▸ Exercise prompt: Copy the lines of the data below exactly, starting at the first and stopping after the line that contains "Inter Milan Away DARMIAN 36 Jersey 25-26"; include no pictures.

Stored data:
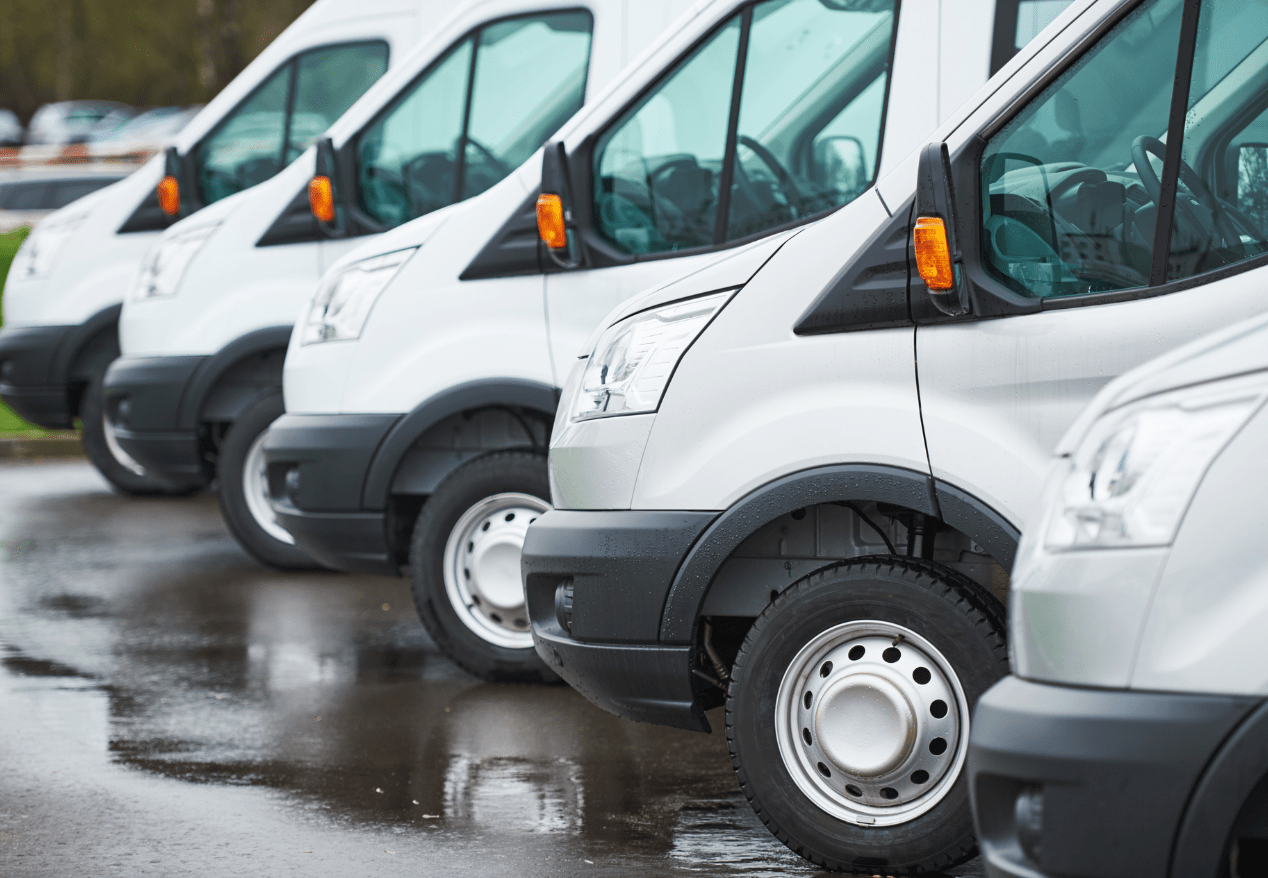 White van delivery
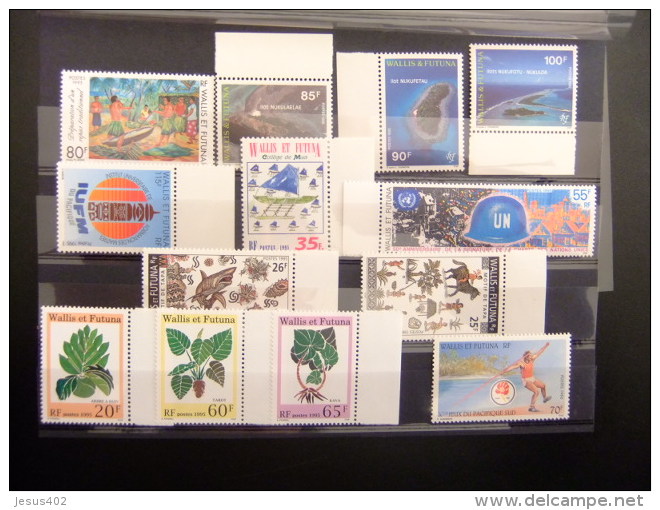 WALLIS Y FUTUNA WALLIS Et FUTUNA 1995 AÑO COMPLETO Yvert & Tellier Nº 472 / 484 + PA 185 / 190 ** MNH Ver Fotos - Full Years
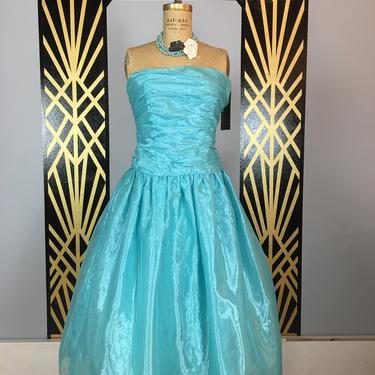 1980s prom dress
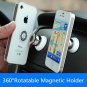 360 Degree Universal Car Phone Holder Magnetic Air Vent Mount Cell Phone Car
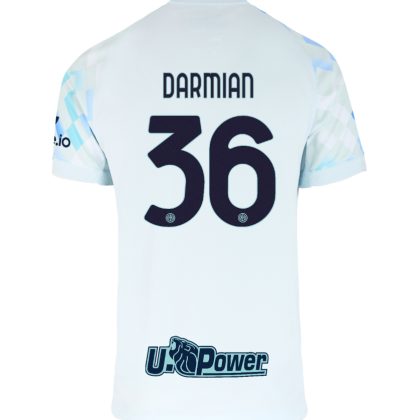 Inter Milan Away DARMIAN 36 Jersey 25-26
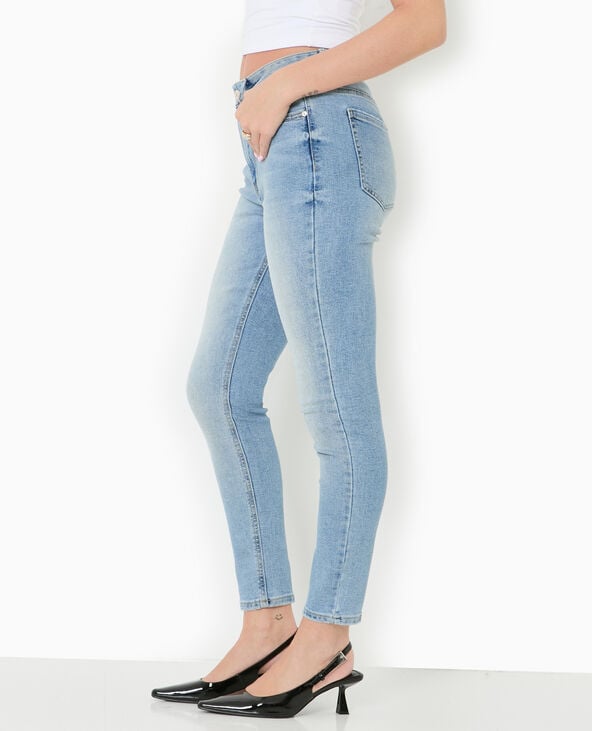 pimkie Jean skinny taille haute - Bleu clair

▸ Exercise output:
 White van delivery
 WALLIS Y FUTUNA WALLIS Et FUTUNA 1995 AÑO COMPLETO Yvert & Tellier Nº 472 / 484 + PA 185 / 190 ** MNH Ver Fotos - Full Years
 1980s prom dress
 360 Degree Universal Car Phone Holder Magnetic Air Vent Mount Cell Phone Car
 Inter Milan Away DARMIAN 36 Jersey 25-26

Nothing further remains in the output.